Ron DeSantis has his hands in a lot of pots right now. He’s resembling an octopus as he attempts to snatch Disney’s special rights in the Sunshine State. The disagreement between the corporation and the governor started when Disney publicly pushed back against the “Don’t Say Gay” law that Governor DeSantis championed in Florida.
Subsequently, Disney pushed backed by reneging on a huge money-making development that would have brought in 2000 high-paying jobs and considerable tax revenue to Florida. Undoubtedly, central Florida’s bulk revenue stems from tourists.
“I think DeSantis has more to lose, as this incident made apparent, depending on whether, as a fairly skilled politician, he can somehow put a good face on this,” Richard Foglesong, a leading expert on Walt Disney World’s history and politics, told Insider last week.insider
Nevertheless, DeSantis says he will not back down from his position in this fight.
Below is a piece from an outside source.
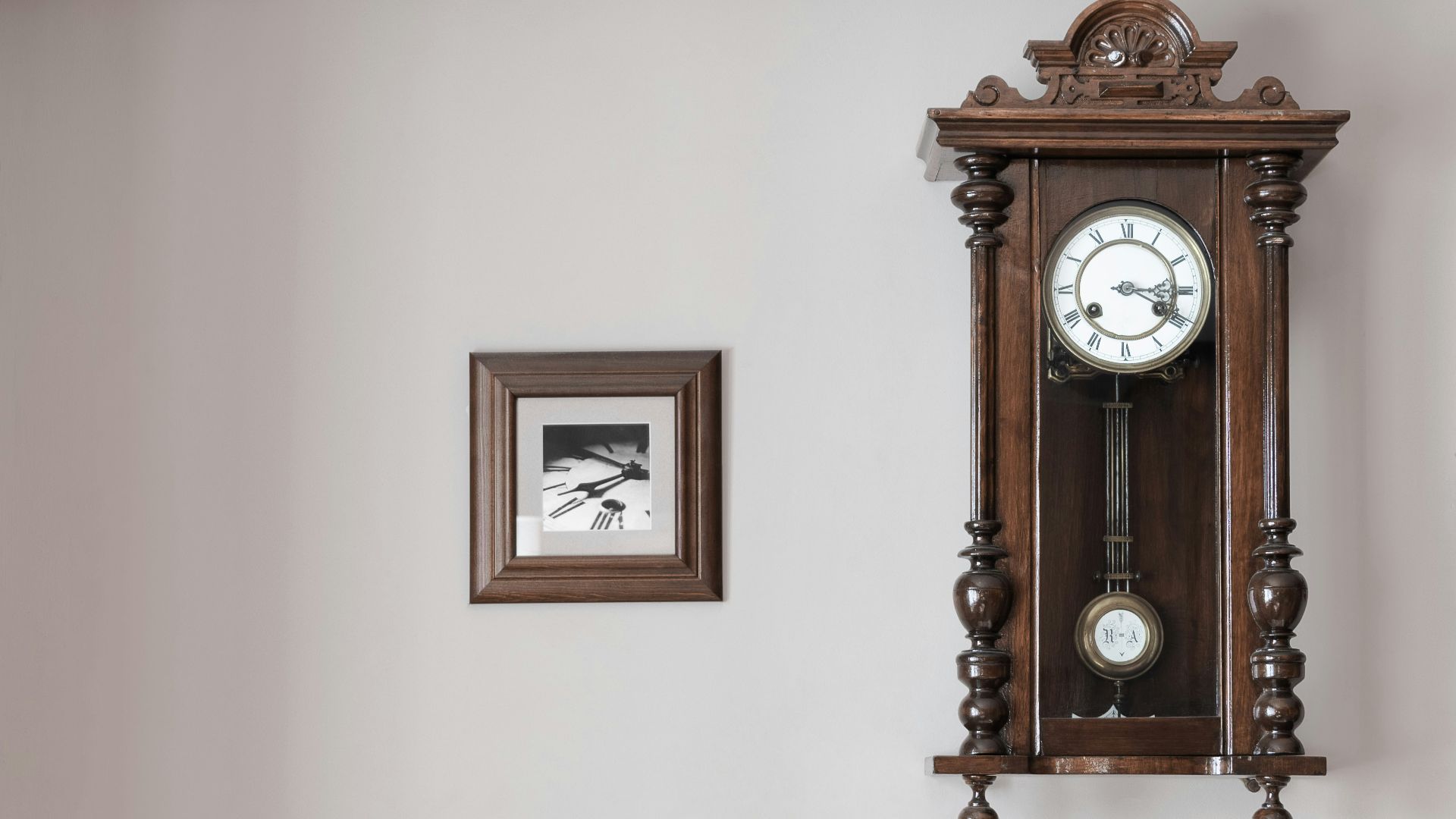 brown pendulum clock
But he may want to re-think this since a study by Oxford Economics said that Orlando tourism generated $75.2 billion for central Florida in 2018. Granted, while that includes other attractions, Disney dominates the area’s tourism with four theme parks and two water parks.
Additionally, the study also said Orlando tourism accounted for nearly half a million jobs, bringing in $5.8 billion in state and local tax revenue for public safety, infrastructure, schools, and more.
Finally, Disney said it employed 75,000 people in Florida — which made it the state’s second-largest private employer behind the Publix grocery-store chain, according to the Florida Department of Economic Opportunity.